## Your goal
Starting at the line with "Un lit bien" and ending at the line with "a person in", print exactly the lines of the entries below. Pictures do not belong in the copy.
::: Provided data :::
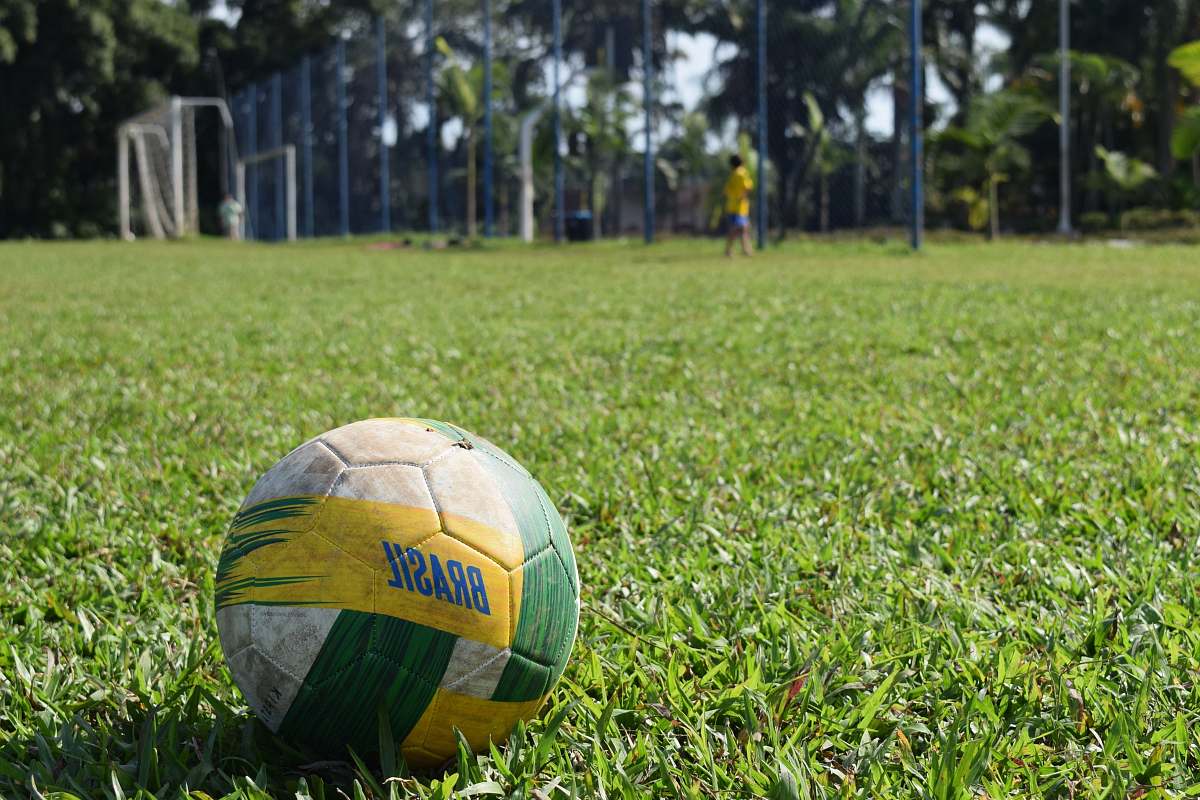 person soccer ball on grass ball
:::
::: Provided data :::
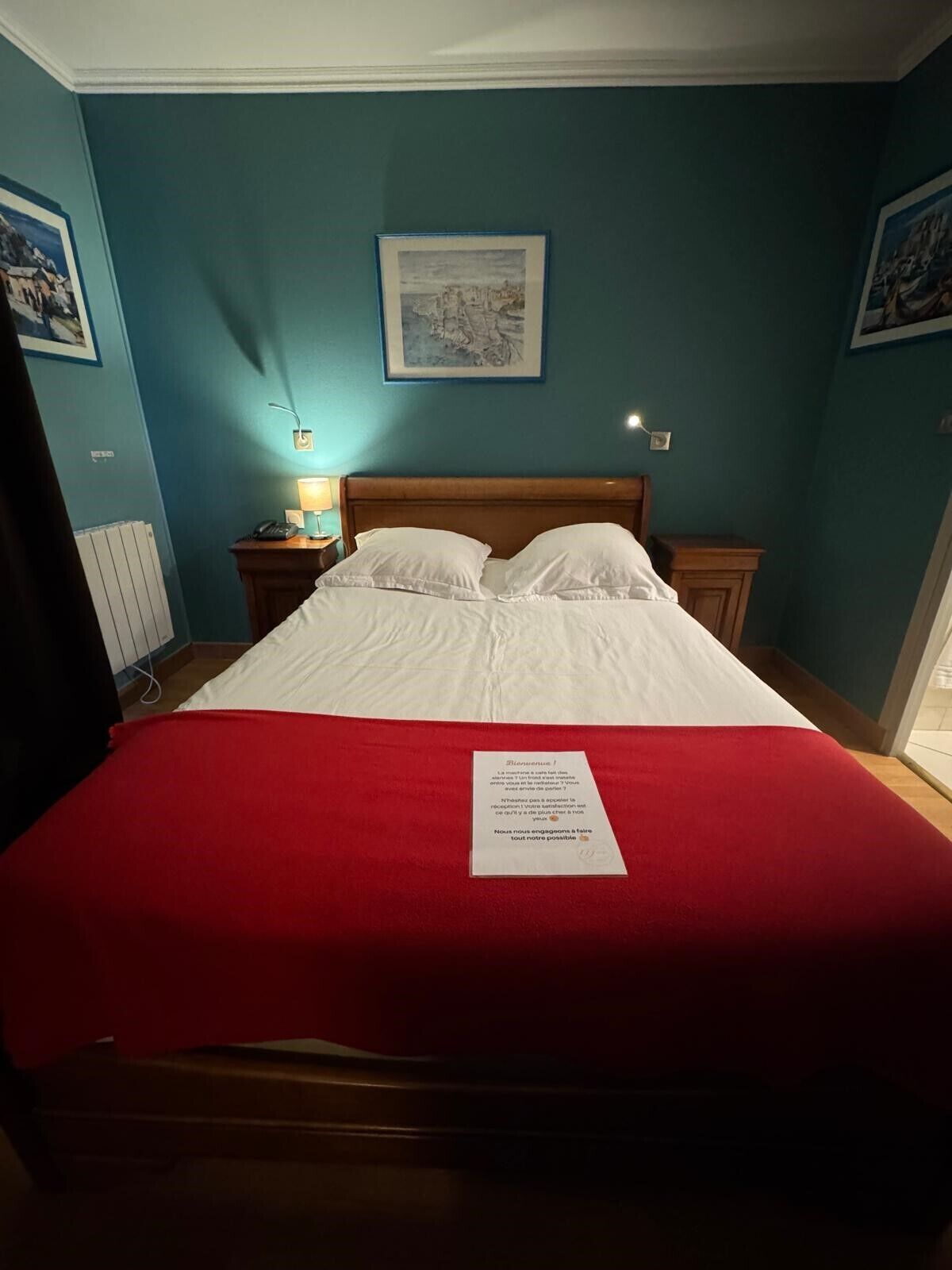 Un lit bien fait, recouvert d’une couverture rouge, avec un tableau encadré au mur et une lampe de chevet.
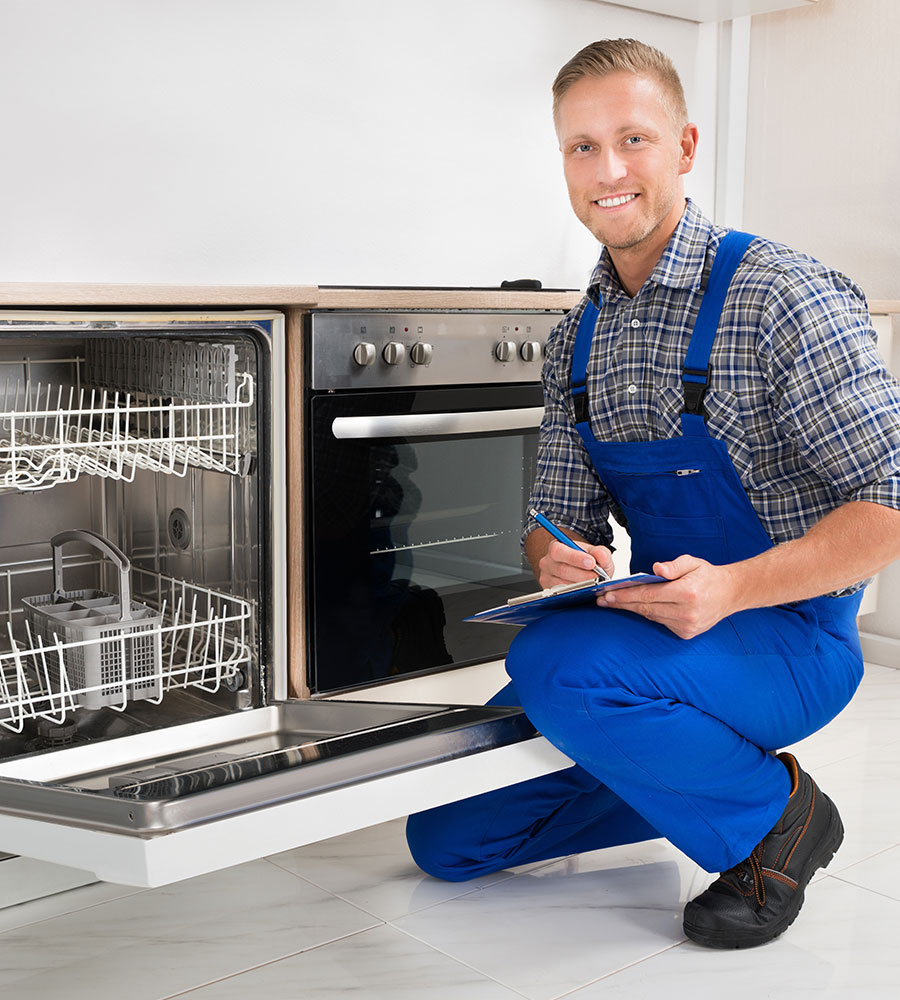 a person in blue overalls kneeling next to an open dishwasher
:::
## Response below
 Un lit bien fait, recouvert d’une couverture rouge, avec un tableau encadré au mur et une lampe de chevet.
 a person in blue overalls kneeling next to an open dishwasher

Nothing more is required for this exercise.